_Data excerpts_
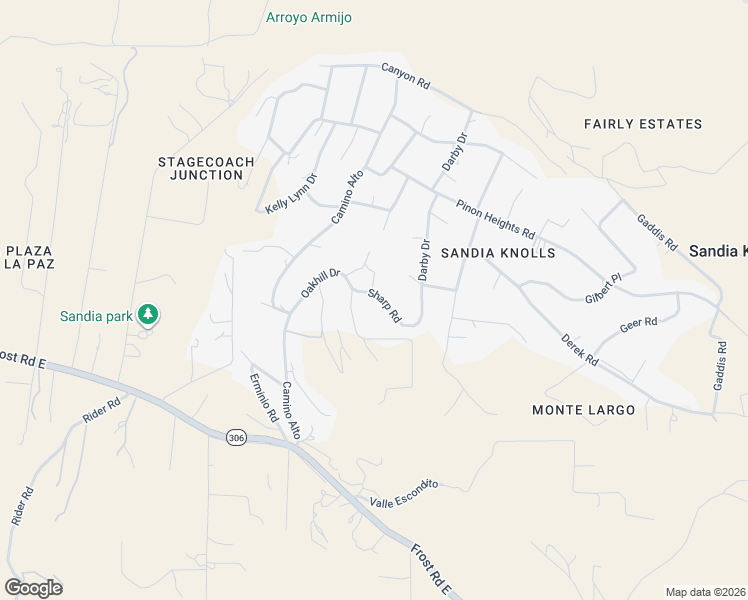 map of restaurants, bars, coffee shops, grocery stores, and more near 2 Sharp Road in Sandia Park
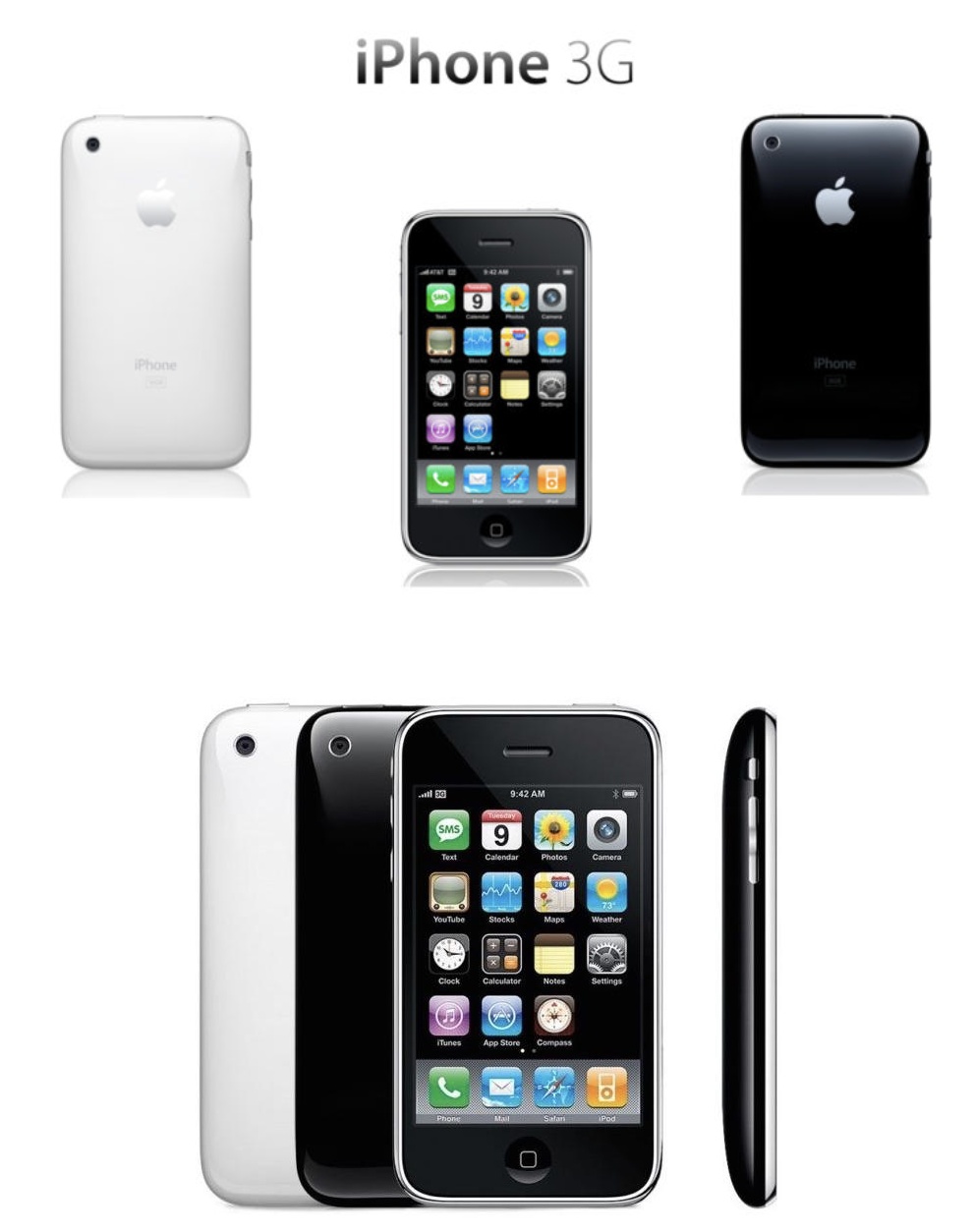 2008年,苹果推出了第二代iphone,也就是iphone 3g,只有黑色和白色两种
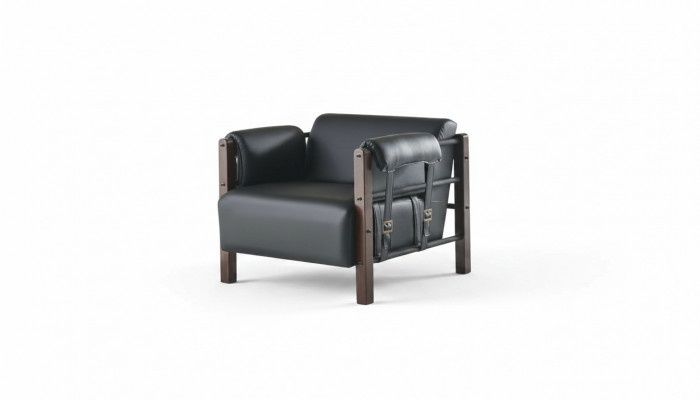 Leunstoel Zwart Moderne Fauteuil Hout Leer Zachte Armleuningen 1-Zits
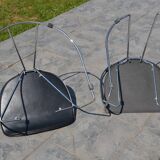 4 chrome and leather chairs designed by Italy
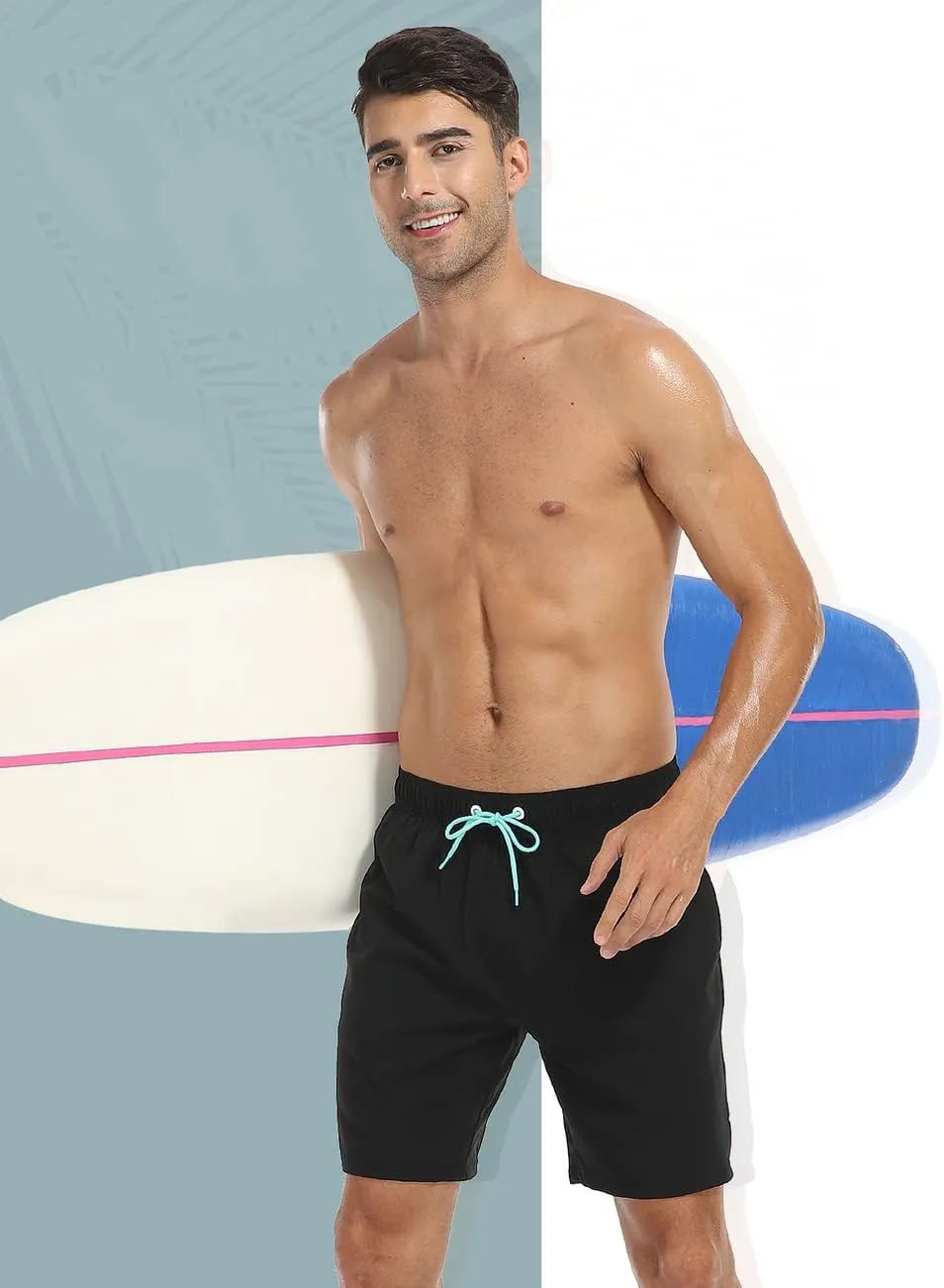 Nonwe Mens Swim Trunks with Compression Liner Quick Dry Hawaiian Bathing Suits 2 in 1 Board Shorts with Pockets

_Problem statement_
Copy exactly the lines running from the beginning of the listing through the line that has "4 chrome and". Drop the pictures.

_Expected answer_
 map of restaurants, bars, coffee shops, grocery stores, and more near 2 Sharp Road in Sandia Park
 2008年,苹果推出了第二代iphone,也就是iphone 3g,只有黑色和白色两种
 Leunstoel Zwart Moderne Fauteuil Hout Leer Zachte Armleuningen 1-Zits
 4 chrome and leather chairs designed by Italy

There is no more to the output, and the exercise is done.